Medical resource usage
We examined the number of patients with or without COVID-19 admitted to general wards, ICUs, and psychiatric wards. We extracted claim codes corresponding to the use of oxygen administration, artificial respiration, and ECMO as respiratory support and counted the number of patients who received these medical treatments. Furthermore, the use of sedatives, corticosteroids, and anticoagulants, which were feared to be depleted during the pandemic, was assessed. We then counted the total amount of drugs used in vials, ampoules, tablets, capsules, and more. Regarding the implementation status of tests for diagnosing COVID-19, we classified the codes according to whether the detection target was nucleic acid or antigen, and whether the test was outsourced or not. Subsequently, we counted the number of tests performed. To validate the total medical expenses invested in patients with COVID-19, we stratified and validated the total insurance claims and public subsidies by age and COVID-19 status. Dental claims were excluded from this tabulation. Infectious disease experts determined the codes used for tabulation. We calculated the sum of claims for insurance claims and public subsidies, stratified by patients’ age and presence of COVID-19, followed by verification.

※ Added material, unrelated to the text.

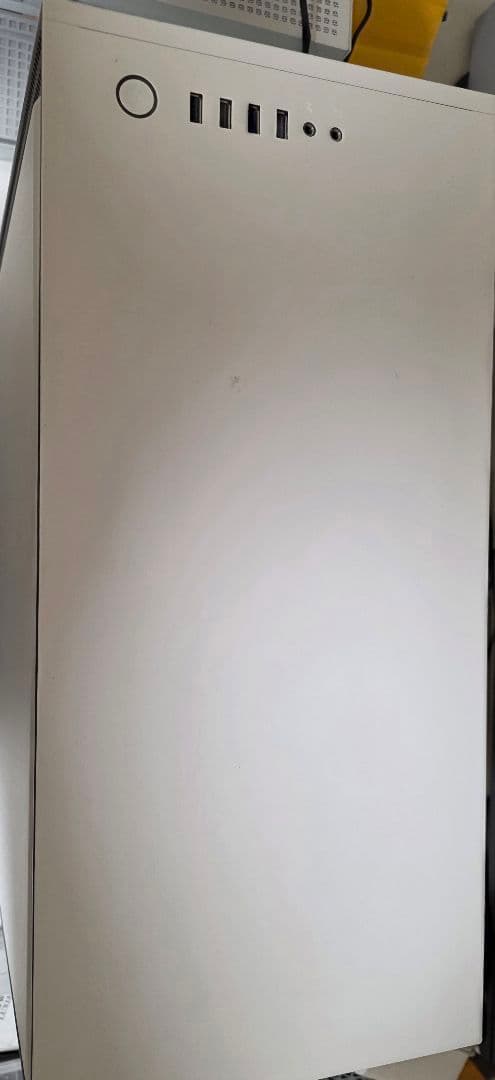 NZXT H700 CA-H700B-W1 ブラック/ホワイト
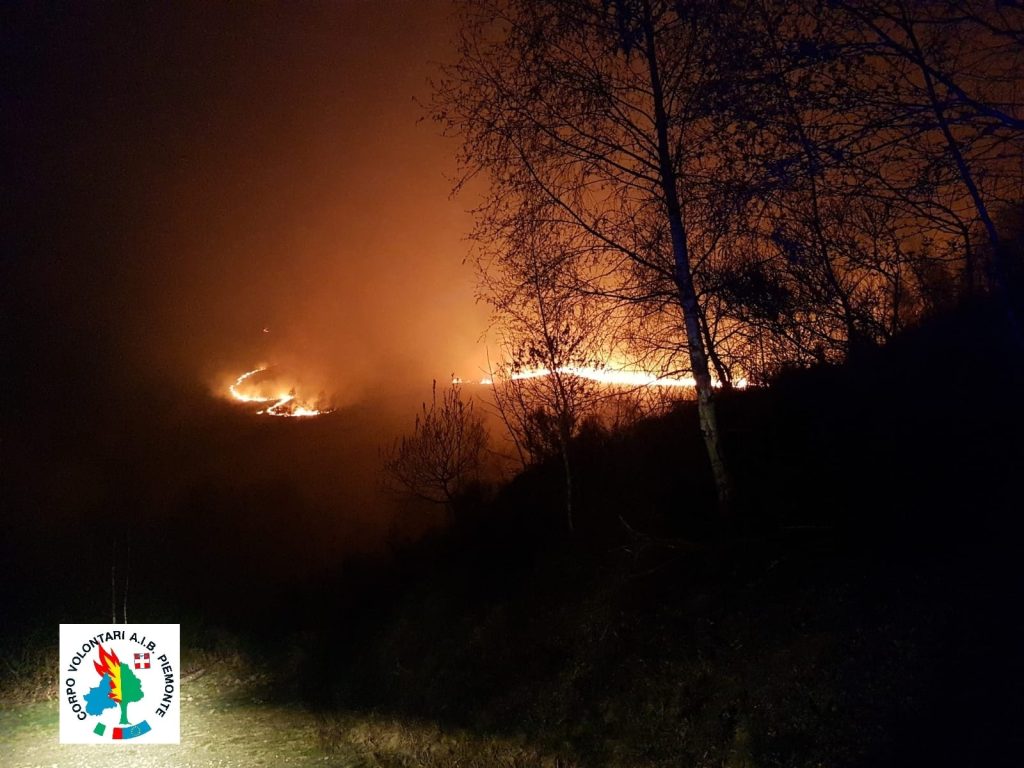 Incendio Torino oggi 10 aprile 2022: fiamme tra Rueglio e Meugliano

Relationship with other pandemic respiratory viral infections
To ascertain the control status of other respiratory viral infections under COVID-19 control, we visualized the trends of the number of records of influenza virus and respiratory syncytial virus (RSV) infections, along with the trends of COVID-19 infections. Supplemental Table 2 lists these codes.
Data Availability
The datasets used during our study are not publicly available because of the rule that the NDB can only be used if decided by the Ministry of Health, Labor and Welfare in Japan. Thus, the data and analysis environment are available only if the NDB use is approved (https://www.mhlw.go.jp/stf/seisakunitsuite/bunya/kenkou_iryou/iryouhoken/reseputo/index.html).
Codes, queries, and output contents of processing are published on GitHub (https://github.com/fk506cni/ndb_covid_infection) within the permitted files. Additionally, the procedures up to the use of the analysis environment are summarized in the protocols.io platform.
Analysis Environment
The analysis was conducted in a prebuilt environment using R (version 4.1.2)/RStudio (version 2021.09.01 Build 372) on Ubuntu 20.05.5 LTS at a closed network. The packages and their versions used in each stage of extraction and aggregation are listed in the html text on GitHub. Furthermore, the local database was built using PostgreSQL (version 14.6), and the NDB dataset was extracted from Redshift (version 1.0.50468) on Amazon Web Service.